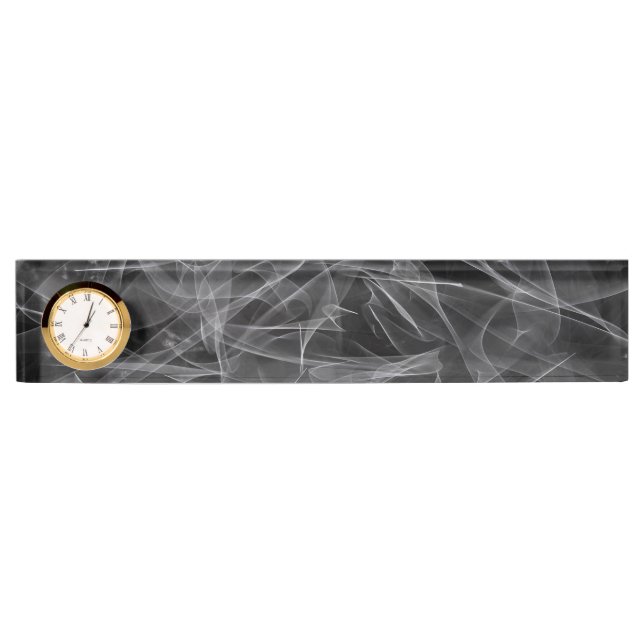 Elegant Smoke Swirl Texture Desk Name Plate (Front)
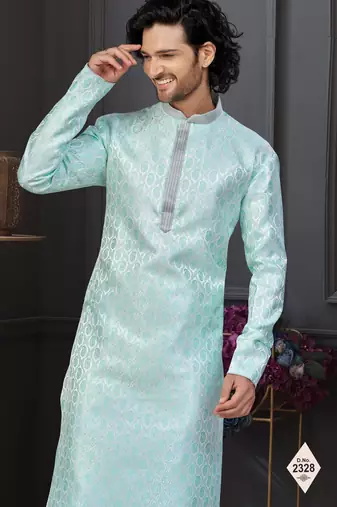 Mint blue banarasi jacquard festive wear kurta pajama set with thread work and fancy buttons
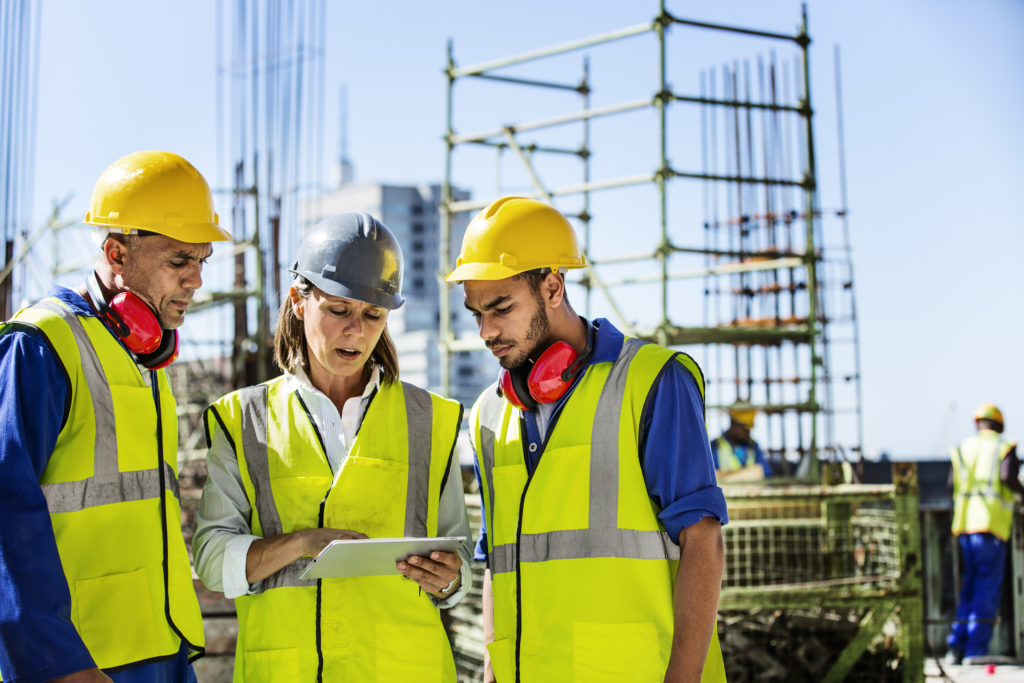 Construction site with students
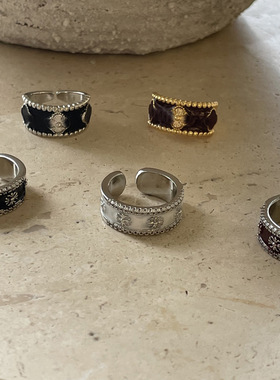 安哥拉红锆石拼接戒指新款小众高级感简约百搭食指戒复古秋冬配饰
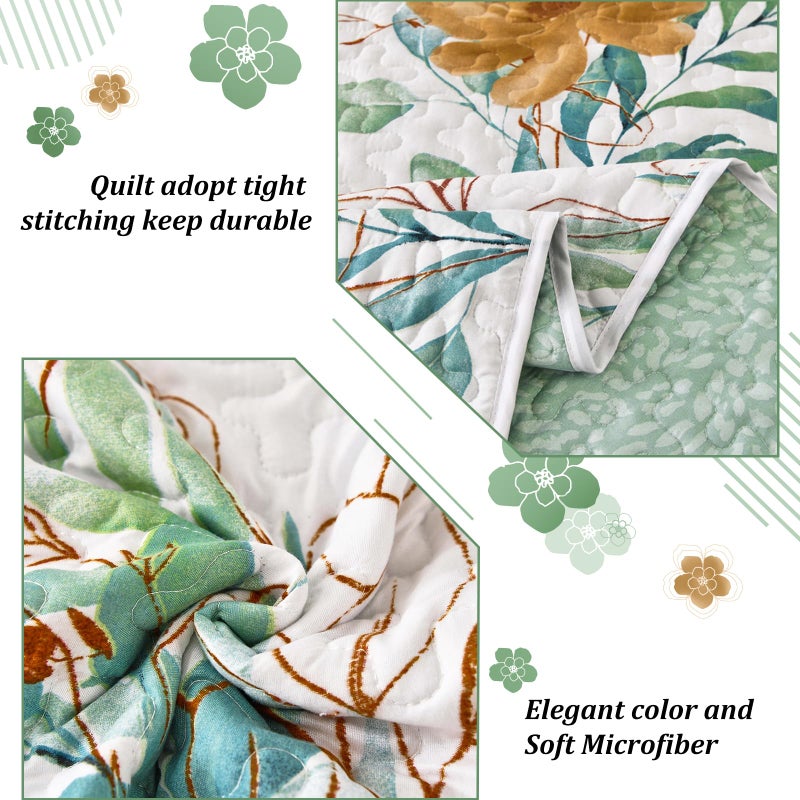 Anibedding Floral Quilt Set Queen,3 Pieces Reversible Elegant Green Leaves Pattern Bedspread Coverlet Soft Microfiber Bed Cover for All Season(96"x90") - Image 5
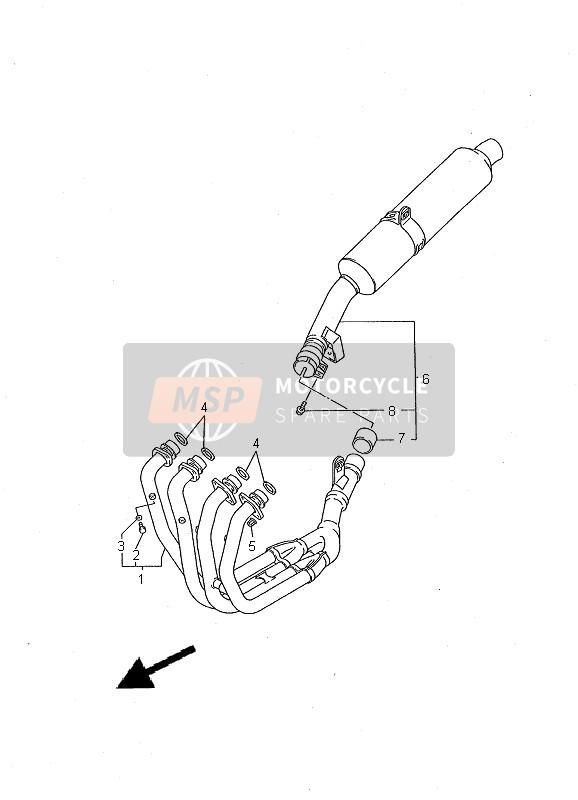 Yamaha FZS600 2000 Exhaust for a 2000 Yamaha FZS600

-.-.-

= DIRECTIONS =
Set down, word for word, the full listing above, and carry over no pictures.

= ANSWER FOR THIS EXERCISE =
 Elegant Smoke Swirl Texture Desk Name Plate (Front)
 Mint blue banarasi jacquard festive wear kurta pajama set with thread work and fancy buttons
 Construction site with students
 安哥拉红锆石拼接戒指新款小众高级感简约百搭食指戒复古秋冬配饰
 Anibedding Floral Quilt Set Queen,3 Pieces Reversible Elegant Green Leaves Pattern Bedspread Coverlet Soft Microfiber Bed Cover for All Season(96"x90") - Image 5
 Yamaha FZS600 2000 Exhaust for a 2000 Yamaha FZS600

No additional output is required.